One of my favourite dishes is Makloubeh, which means “Upside Down”. It is the Palestinian national dish and is also made in Jordan and a few other Middle Eastern countries. This dish can also be made with lamb or a mixture of chicken and lamb.

Don’t be shocked by the amounts of oil. You do not have to use that much.

If you are using kosher chicken do not add any extra salt. You get enough salt from the chicken and the salted eggplant. I would add a little more of the spices to the dish, but I like fragrant dishes.


Serving Size: 8


2 whole chickens, skinned and quartered (or 8 chicken thighs)

3-1/2 cups canola oil, plus 3 tablespoons

1 teaspoon fresh grated nutmeg

1 teaspoon allspice

1 teaspoon cumin powder

Salt to taste

4 saffron threads

2 cinnamon sticks

5 whole cardamom pods

3 peppercorns

5 cups water

Freshly ground black pepper

2 large heads of cauliflower, separated in to florets

2 large eggplant, peeled, cubed and salted; place in a colander so the water can drain

2 large onions, halved through the root end, thinly sliced, core still attached

5 cups medium grain rice

1/2 teaspoon ground cardamom

1/2 teaspoon allspice

4 saffron threads

1/2 teaspoon fresh nutmeg

1/4 teaspoon ground cinnamon

Salt and freshly ground pepper

1/3 cup toasted pine nuts for garnish

In a large saucepan, brown both sides of the chicken in 1/2 cup canola oil. Once browned, add nutmeg, allspice, cumin powder, salt, saffron, cinnamon sticks, cardamom seeds, and peppercorns.

Add approximately 5 cups of water and bring to a boil. Add freshly ground pepper. Cover and cook over low-medium heat for about 15 to 20 minutes or until the meat begins to pull away from the bone. Set the chicken and 2 cups of broth aside.

Fry the cauliflower in a large pot with 3 cups of canola oil until golden brown. Remove and let drain on paper towels. Drain the eggplant and fry as you did the cauliflower. Set both the fried cauliflower and eggplant aside. Heat 3 tablespoons of canola oil in very large pot. When the oil is hot, not smoking, add the onions and saute them for approximately 10 minutes. Place the chicken pieces on top of the onions and cook together for a few minutes then cover and let sit for 10 minutes.

Meanwhile, rinse the rice about 5 or 6 times until the water runs clear. Put the rice in a bowl, add the spices and mix well.

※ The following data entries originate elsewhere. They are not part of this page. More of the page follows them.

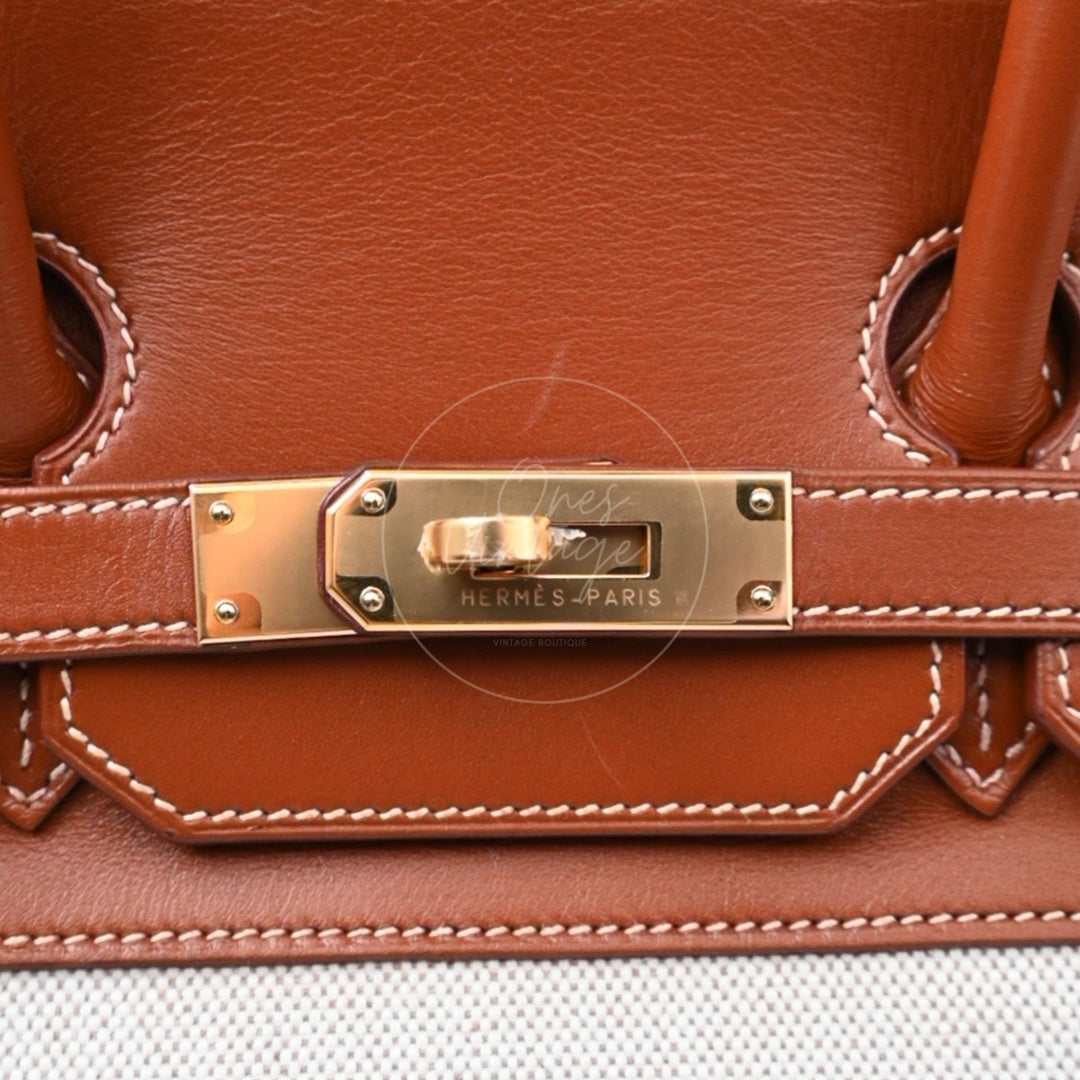 [Pre-owned] Hermes Birkin 35 Toile Barenia GHW Stamp Square E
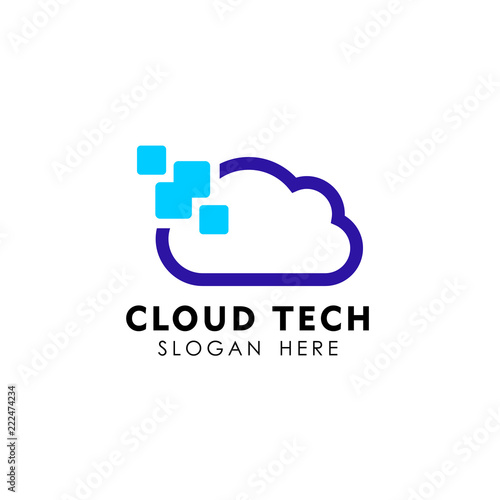 pixel cloud logo design template. data server cloud logo vector icon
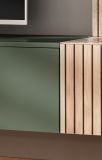 Wohnwand Madina in gr�n matt und Hickory Eiche Schrankwand h�ngend 180 cm, Push-to-Open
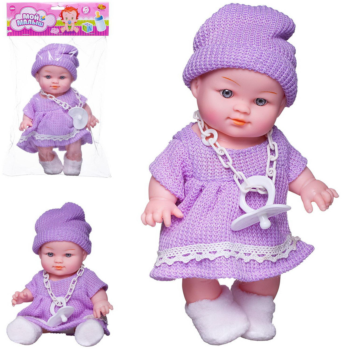 Пупс ABtoys "Мой малыш", озвученный в фиолетовом платье 22,9 см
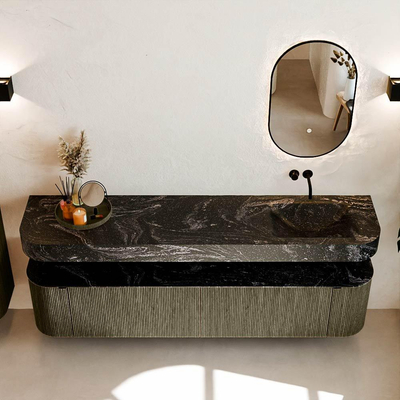 MONDIAZ THOR-DLUX 200cm meuble de salle de bains arrondi gauche + droite couleur Shadow avec 2 tiroirs et 2 portes. Vasque suspendue CLOUD droite sans trou de robinet couleur Lava.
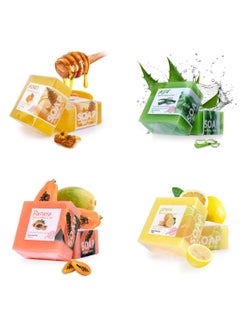 RedMapleTEK 4pcs Handmade Soap with Plant Essential Oil, Suitable for Whole Body Cleaning and Bathing 100g*4 (Honey, Papaya, Aloe Vera, Lemon)  - Image 1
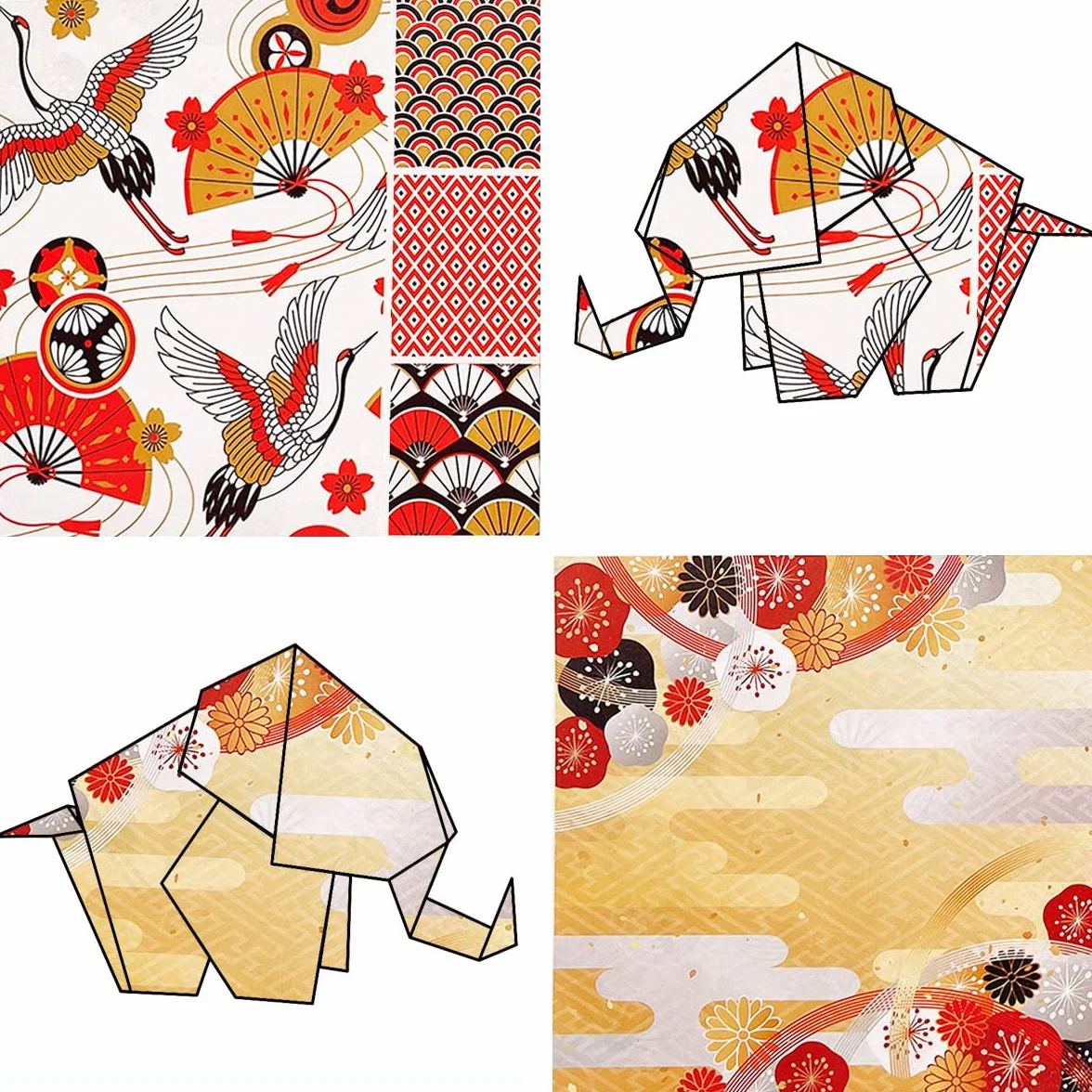 Carta per origami - 50 fogli di carta giapponese con motivi diversi 15 x 15 cm a doppia faccia per progetti artistici e artigianali fai da te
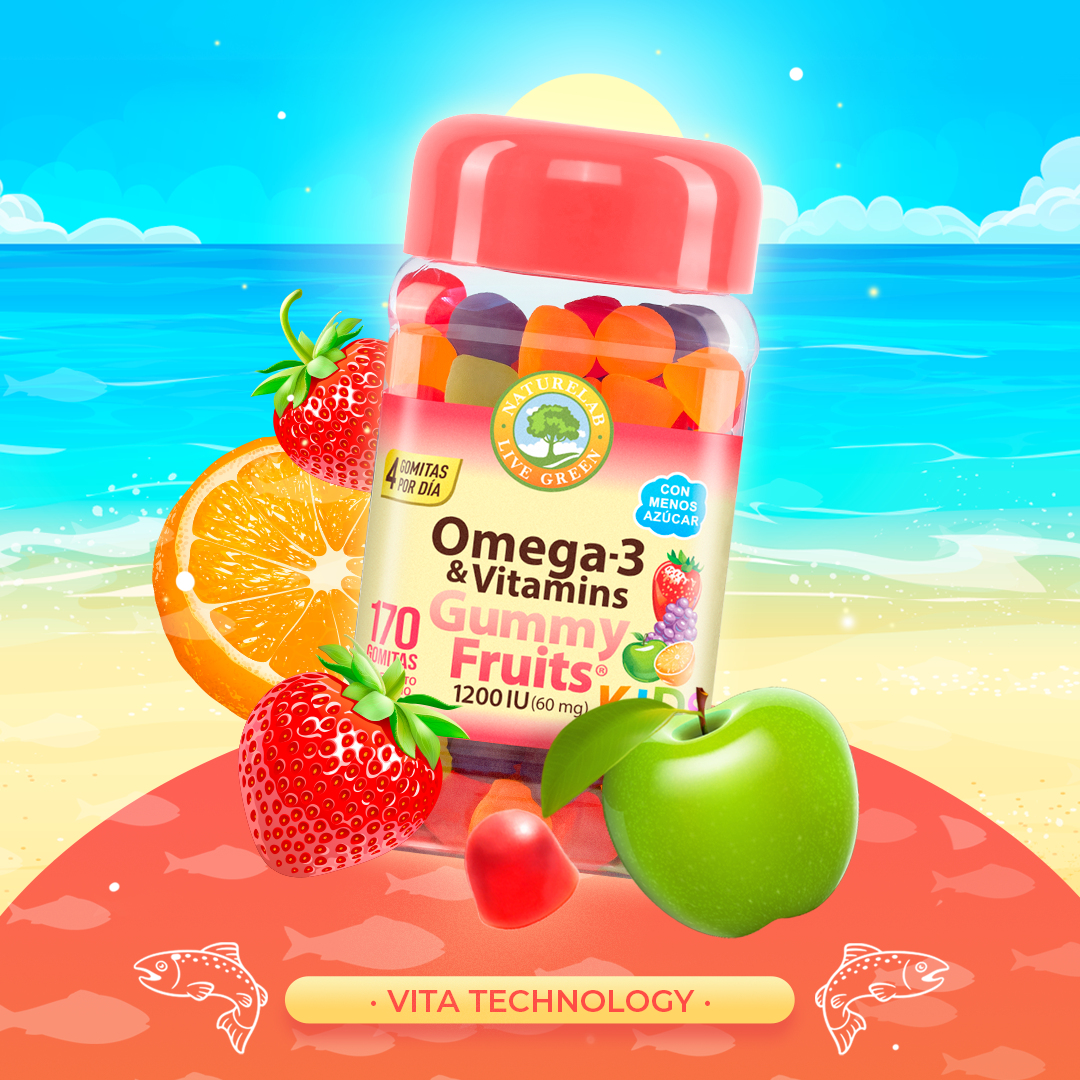Omega-3 & Vitamins KIDS® Gummy Fruits® Naturelab® 170 Gomitas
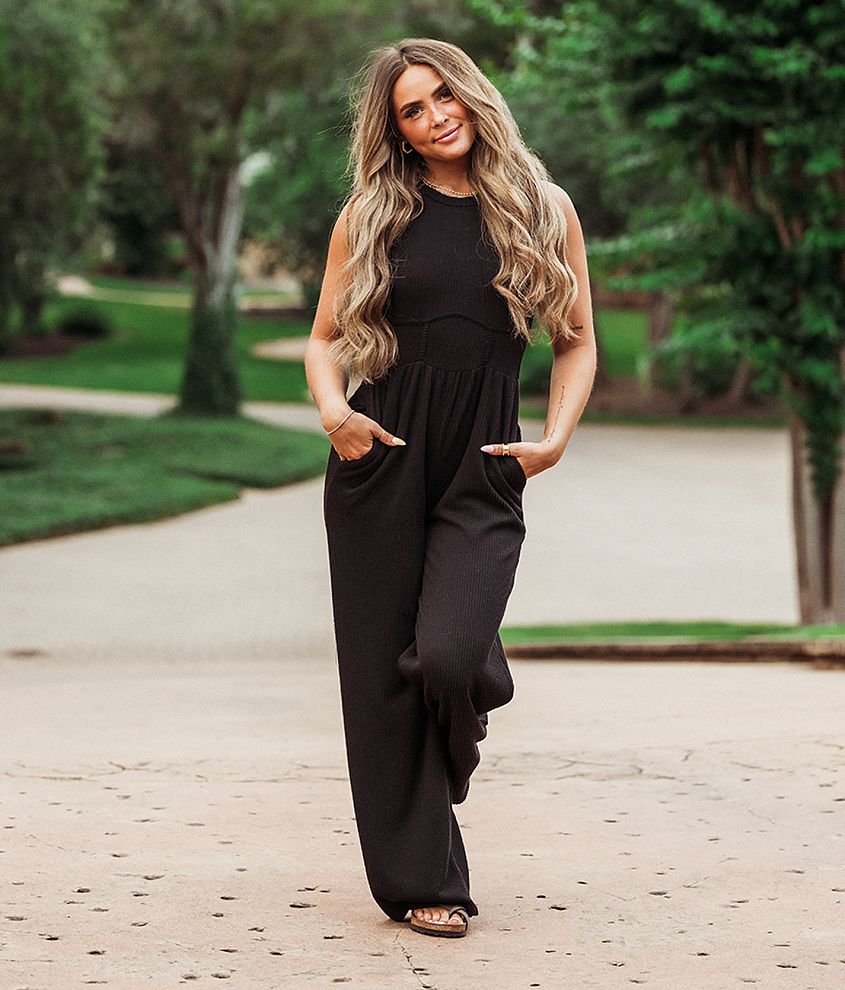 BKE Ribbed Corset Jumpsuit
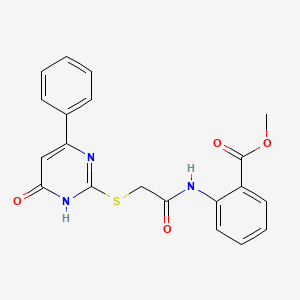 molecular formula C20H17N3O4S B6092763 METHYL 2-({2-[(6-OXO-4-PHENYL-1,6-DIHYDRO-2-PYRIMIDINYL)SULFANYL]ACETYL}AMINO)BENZOATE 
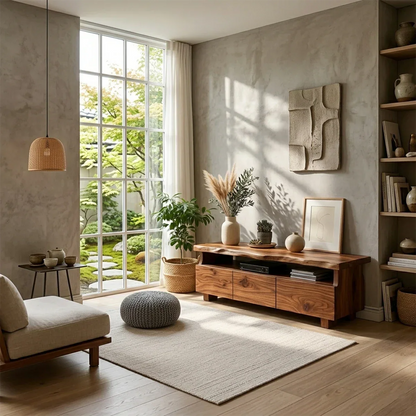 A modern media console with live edge top and natural wood grain adds texture to this cozy space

Place the fried eggplant and cauliflower on top of the chicken and then put the rice on top of the vegetables. Add the 2 cups of reserved chicken broth (make sure the whole spices are not in the broth) and water to just barely cover the rice. Bring to a boil, then lower to a simmer and cover. When the water has been absorbed, the dish is done, approximately 25 minutes.

Remove the pot from the heat and let rest for about 10 to 15 minutes. Place a large serving plate on top of the dish and flip the pot and plate over. Carefully lift the pot off the plate and sprinkle with toasted pine nuts.